Companies are required to take reasonable steps to ascertain whether they have any significant controllers and to identify them in their significant controllers registers. A ‘significant controller’ is a person that has significant control over the company and includes a registrable person and a registrable legal entity. A person will have significant control if the person meets one or more of the following conditions:

  • directly or indirectly holding more than 25% of the issued shares (the right to share in more than 25% of the capital/profits) of the company
  • directly or indirectly holding more than 25% of the voting rights in the company
  • directly or indirectly holding the right to appoint or remove a majority of the board of directors of the company
  • having the right to exercise, or actually exercising, significant influence or control over the company, and/or
  • having the right to exercise, or actually exercising, significant influence or control over the activities of a trust or a firm that is not a legal person, but whose trustees or members satisfy any of the first four conditions (in their capacity as such) in relation to the company.

A registrable legal entity is a legal entity which is a member of the company and has significant control over the company. A registrable person is a natural person or specified entity that has significant control over the company. A specified entity is any of the following:

  • a corporation sole
  • a government of a country or territory, or part of a country or territory
  • an international organisation whose members include two or more countries or territories (or their governments), and/ora local authority or local government in a country or territory.

Angelina Mok, Deputy Registry Manager, Companies Registry, gave useful practical examples of how to identify significant controllers, whether as a registrable legal entity or a registrable person. She also referred ACRU attendees to the dedicated thematic section on the significant controllers register on the Companies Registry’s website: In addition to frequently asked questions and videos, visitors can access the:

  • Companies (Amendment) Ordinance 2018
  • Companies Registry External Circular No 2/2018, and
  • Guideline on the Keeping of Significant Controllers Registers by Companies.

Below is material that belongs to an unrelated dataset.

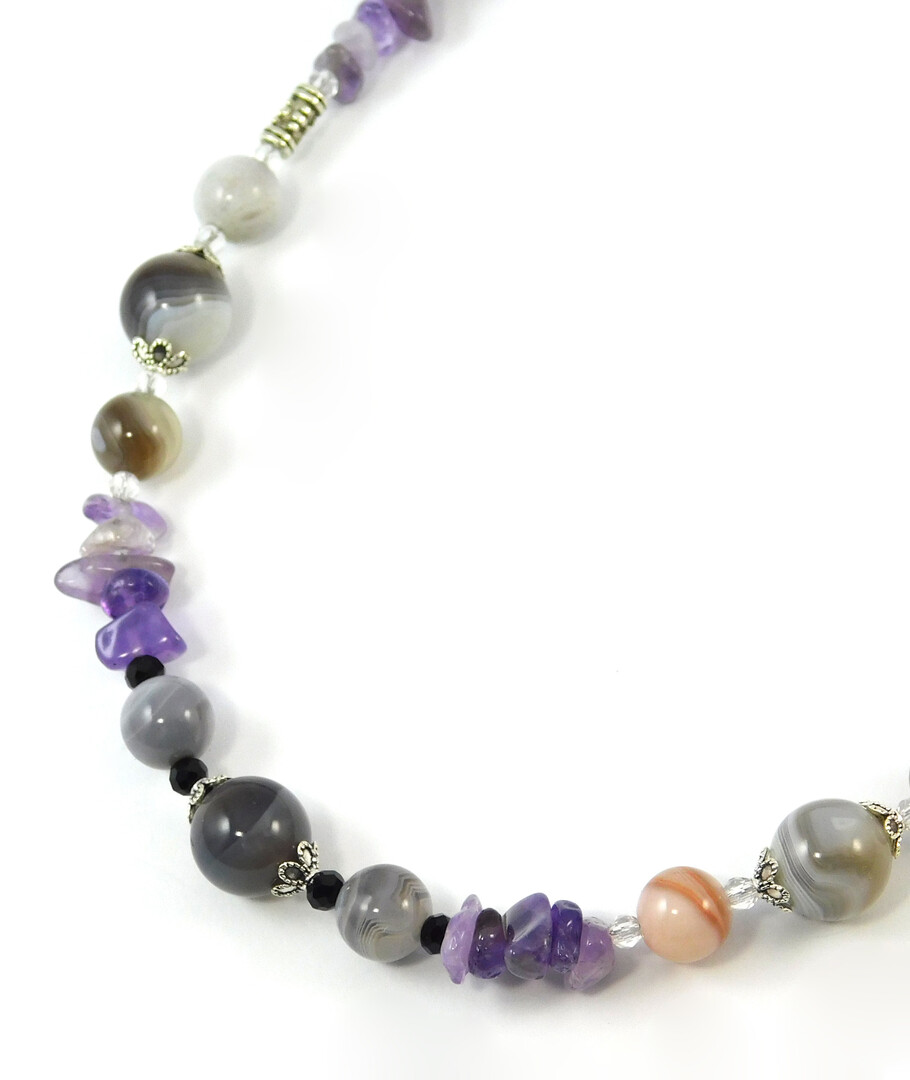 Necklace "Fig", Bostvana Agate, Amethyst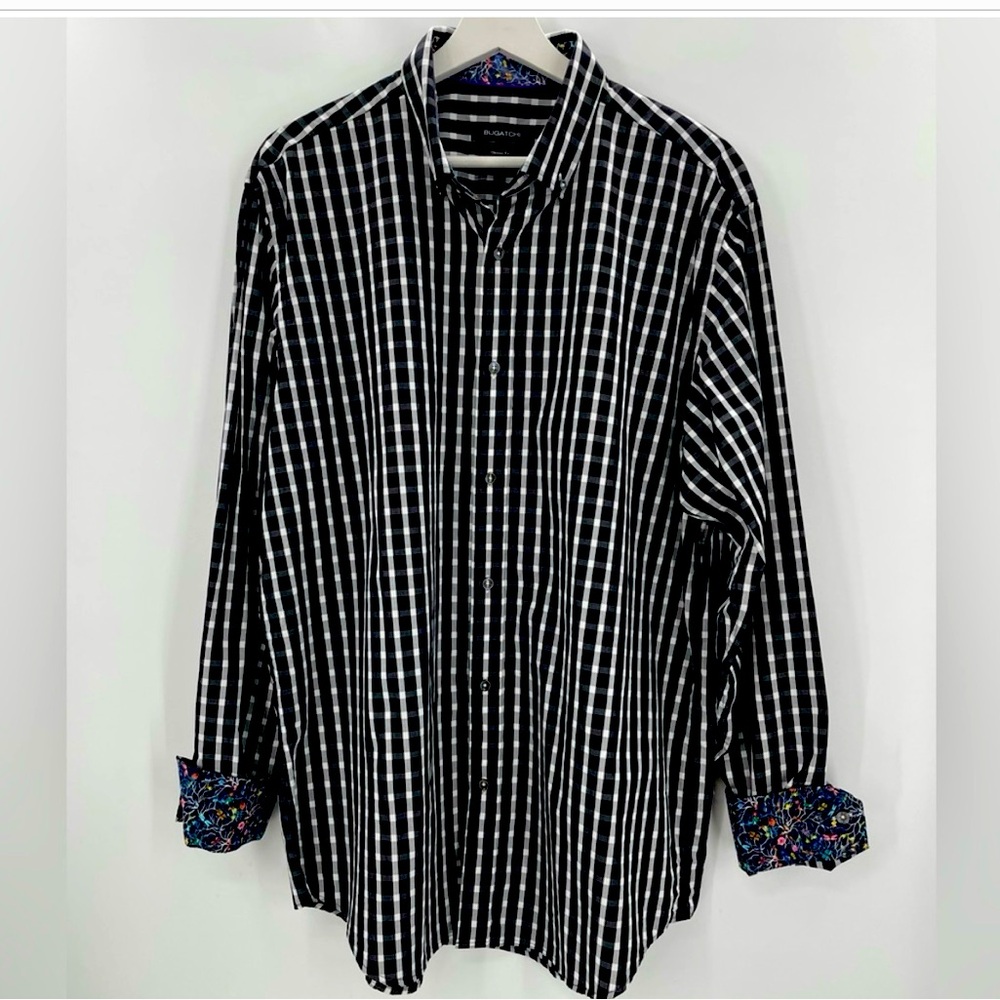 Bugatchi Button Down Dress Shirt Classic Fit Gingham Print Size Large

SIDEBAR: Anti-discrimination law and practice in Hong Kong

This year, for the first time, ACRU played host to the Equal Opportunities Commission (EOC). Peter Reading, Legal Counsel, EOC, gave a lively introduction to anti-discrimination legislation in Hong Kong. This area could be a ticking time bomb for many employers as social expectations relating to issues such as sexual harassment and discrimination in relation to sex, disability and race are evolving rapidly both globally and locally. Promoting equality and eliminating discrimination in the workplace, protecting employees from harassment and providing reasonable facilities for persons with disabilities are not only the right things to do, they are increasingly subject to legal liability.
Mr Reading outlined the four ordinances in Hong Kong designed to promote equality and eliminate discrimination:

  • The Sex Discrimination Ordinance
  • The Disability Discrimination Ordinance
  • The Family Status Discrimination Ordinance, and
  • The Race Discrimination Ordinance.

Compliance and governance professionals should not only familiarise themselves with the letter of the law, he added, but also the changing expectations regarding discrimination. ‘Laws evolve to meet the changing needs of society,’ he pointed out. For example, an increasing number of couples are cohabiting rather than get married and many jurisdictions are adapting to this changing demographic by introducing legal provisions to ensure that cohabiting couples are not subject to discrimination.

Mr Reading made an appeal to ACRU attendees to ensure that the organisations they work for:

  • are aware of their legal obligations as employers and service providers
  • have comprehensive policies on discrimination and investigations
  • provide regular and ongoing training to all staff, and
  • deal with complaints in a timely, independent and transparent manner.